━━ DATA PROVIDED

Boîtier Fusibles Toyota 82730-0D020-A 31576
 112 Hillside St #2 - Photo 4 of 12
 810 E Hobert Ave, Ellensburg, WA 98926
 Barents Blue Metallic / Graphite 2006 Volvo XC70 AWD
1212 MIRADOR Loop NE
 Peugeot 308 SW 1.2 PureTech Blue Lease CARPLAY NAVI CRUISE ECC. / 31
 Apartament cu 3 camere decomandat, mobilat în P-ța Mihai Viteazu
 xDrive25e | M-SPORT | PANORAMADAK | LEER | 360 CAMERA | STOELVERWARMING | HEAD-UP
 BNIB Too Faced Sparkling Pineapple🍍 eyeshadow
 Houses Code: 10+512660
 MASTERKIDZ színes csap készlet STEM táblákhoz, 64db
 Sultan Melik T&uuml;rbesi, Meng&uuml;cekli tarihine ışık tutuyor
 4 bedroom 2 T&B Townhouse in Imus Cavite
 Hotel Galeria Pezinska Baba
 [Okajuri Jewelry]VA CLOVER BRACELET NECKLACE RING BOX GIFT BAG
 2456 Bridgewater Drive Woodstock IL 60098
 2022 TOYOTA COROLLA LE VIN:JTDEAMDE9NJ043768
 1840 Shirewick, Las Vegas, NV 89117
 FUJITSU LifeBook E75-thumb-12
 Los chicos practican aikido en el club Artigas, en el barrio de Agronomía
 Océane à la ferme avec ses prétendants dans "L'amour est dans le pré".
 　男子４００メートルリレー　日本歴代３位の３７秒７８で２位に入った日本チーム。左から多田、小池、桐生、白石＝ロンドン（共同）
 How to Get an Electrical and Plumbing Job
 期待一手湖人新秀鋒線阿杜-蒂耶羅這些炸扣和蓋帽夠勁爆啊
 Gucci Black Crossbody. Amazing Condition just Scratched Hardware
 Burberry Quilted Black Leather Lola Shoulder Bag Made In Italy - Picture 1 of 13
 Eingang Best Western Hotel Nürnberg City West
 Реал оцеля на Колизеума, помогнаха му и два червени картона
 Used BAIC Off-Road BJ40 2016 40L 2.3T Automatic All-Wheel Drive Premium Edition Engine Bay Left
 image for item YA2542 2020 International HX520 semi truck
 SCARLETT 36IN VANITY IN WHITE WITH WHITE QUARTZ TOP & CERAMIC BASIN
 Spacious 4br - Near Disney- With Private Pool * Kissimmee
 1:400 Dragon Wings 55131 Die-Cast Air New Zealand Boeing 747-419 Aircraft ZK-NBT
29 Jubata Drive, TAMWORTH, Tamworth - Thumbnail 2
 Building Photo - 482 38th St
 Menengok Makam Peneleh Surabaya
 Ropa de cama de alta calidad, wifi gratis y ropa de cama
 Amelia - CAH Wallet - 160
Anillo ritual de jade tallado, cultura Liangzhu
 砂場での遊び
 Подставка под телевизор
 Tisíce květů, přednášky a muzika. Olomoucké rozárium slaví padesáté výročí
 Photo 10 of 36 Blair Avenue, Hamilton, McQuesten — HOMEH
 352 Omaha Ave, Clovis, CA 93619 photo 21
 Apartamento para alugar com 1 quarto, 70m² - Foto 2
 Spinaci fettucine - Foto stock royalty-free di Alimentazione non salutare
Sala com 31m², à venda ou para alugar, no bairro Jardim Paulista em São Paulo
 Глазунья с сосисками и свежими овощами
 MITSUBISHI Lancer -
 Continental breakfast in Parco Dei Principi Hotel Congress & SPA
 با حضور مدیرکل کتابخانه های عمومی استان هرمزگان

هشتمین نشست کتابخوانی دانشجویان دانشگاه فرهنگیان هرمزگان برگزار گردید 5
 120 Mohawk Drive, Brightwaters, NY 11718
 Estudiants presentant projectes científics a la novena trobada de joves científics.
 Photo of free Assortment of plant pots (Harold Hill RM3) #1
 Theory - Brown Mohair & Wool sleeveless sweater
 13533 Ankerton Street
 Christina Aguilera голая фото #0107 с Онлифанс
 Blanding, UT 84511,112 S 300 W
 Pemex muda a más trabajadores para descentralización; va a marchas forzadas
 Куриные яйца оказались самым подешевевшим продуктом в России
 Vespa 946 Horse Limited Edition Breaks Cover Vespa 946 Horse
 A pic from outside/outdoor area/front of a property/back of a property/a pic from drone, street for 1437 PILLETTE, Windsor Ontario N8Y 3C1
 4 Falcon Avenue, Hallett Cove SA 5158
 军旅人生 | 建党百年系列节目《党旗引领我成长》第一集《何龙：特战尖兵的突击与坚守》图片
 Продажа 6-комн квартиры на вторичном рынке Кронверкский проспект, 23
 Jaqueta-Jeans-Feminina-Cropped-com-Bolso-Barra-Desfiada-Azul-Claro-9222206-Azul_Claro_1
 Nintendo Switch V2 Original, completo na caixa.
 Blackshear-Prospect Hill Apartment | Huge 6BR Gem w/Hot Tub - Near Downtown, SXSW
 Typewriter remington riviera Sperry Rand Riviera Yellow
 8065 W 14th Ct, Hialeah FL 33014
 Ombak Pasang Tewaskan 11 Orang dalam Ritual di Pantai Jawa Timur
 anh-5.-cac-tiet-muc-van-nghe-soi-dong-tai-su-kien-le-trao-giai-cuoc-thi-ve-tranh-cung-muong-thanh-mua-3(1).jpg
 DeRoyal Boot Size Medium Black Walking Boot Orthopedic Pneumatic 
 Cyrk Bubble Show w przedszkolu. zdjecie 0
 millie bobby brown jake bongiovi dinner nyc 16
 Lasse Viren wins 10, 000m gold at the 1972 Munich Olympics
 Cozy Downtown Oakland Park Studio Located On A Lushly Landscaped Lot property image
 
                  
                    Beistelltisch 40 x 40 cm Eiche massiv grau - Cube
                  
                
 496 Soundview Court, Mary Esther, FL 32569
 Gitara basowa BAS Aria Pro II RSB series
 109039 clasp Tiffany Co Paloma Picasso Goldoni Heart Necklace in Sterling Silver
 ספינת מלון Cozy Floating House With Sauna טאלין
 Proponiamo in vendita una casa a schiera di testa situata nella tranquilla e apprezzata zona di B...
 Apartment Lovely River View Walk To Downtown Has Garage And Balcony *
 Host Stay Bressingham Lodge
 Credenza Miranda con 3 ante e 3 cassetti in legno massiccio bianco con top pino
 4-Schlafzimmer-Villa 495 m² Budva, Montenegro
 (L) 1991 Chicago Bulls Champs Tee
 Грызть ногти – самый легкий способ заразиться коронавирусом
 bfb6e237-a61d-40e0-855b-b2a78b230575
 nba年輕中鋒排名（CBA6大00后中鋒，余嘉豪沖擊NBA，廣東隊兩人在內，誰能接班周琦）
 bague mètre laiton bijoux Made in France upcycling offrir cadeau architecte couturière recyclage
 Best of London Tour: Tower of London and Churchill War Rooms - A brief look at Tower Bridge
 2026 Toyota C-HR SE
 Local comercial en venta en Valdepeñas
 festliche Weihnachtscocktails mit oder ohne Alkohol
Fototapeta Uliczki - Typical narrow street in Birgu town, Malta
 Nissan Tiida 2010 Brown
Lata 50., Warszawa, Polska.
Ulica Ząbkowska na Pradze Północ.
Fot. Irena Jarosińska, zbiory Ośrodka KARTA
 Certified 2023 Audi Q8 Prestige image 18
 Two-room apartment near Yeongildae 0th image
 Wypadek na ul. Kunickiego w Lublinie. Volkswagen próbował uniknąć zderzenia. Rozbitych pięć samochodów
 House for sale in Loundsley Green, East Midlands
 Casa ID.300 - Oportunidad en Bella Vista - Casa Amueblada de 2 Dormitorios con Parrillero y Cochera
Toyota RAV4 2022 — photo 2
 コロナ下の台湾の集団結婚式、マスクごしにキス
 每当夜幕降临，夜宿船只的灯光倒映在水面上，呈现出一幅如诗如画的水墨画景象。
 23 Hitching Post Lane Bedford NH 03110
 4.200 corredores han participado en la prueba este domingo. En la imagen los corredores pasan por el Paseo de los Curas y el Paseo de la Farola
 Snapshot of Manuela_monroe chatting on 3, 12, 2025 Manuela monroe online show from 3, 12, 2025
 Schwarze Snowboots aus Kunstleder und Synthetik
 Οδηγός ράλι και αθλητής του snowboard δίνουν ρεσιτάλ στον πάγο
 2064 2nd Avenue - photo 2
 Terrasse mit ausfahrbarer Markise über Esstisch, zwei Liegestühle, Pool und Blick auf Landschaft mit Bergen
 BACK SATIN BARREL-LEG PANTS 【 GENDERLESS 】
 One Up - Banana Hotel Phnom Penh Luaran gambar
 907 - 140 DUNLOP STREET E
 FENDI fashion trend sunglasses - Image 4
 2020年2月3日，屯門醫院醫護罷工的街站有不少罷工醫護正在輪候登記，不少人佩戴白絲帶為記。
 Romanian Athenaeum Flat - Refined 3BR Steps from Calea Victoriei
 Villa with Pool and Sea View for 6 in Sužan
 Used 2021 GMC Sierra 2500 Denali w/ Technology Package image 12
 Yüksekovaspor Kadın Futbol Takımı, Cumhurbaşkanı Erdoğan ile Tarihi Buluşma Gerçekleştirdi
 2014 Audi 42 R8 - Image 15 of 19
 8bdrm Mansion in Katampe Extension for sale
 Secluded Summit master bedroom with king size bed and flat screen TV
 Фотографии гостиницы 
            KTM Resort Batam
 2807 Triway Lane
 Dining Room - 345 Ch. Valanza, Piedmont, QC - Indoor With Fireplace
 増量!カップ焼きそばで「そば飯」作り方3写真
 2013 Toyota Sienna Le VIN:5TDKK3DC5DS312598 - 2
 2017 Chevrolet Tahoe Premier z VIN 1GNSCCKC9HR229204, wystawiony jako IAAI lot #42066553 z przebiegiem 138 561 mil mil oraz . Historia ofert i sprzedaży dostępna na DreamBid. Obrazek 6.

━━━━

# AIM OF THE EXERCISE
Give back the records above exactly, limited to the lines between the one holding "Fototapeta Uliczki - Typical" and the one holding "コロナ下の台湾の集団結婚式、マスクごしにキス", inclusive.

# REPLY
Fototapeta Uliczki - Typical narrow street in Birgu town, Malta
 Nissan Tiida 2010 Brown
Lata 50., Warszawa, Polska.
Ulica Ząbkowska na Pradze Północ.
Fot. Irena Jarosińska, zbiory Ośrodka KARTA
 Certified 2023 Audi Q8 Prestige image 18
 Two-room apartment near Yeongildae 0th image
 Wypadek na ul. Kunickiego w Lublinie. Volkswagen próbował uniknąć zderzenia. Rozbitych pięć samochodów
 House for sale in Loundsley Green, East Midlands
 Casa ID.300 - Oportunidad en Bella Vista - Casa Amueblada de 2 Dormitorios con Parrillero y Cochera
Toyota RAV4 2022 — photo 2
 コロナ下の台湾の集団結婚式、マスクごしにキス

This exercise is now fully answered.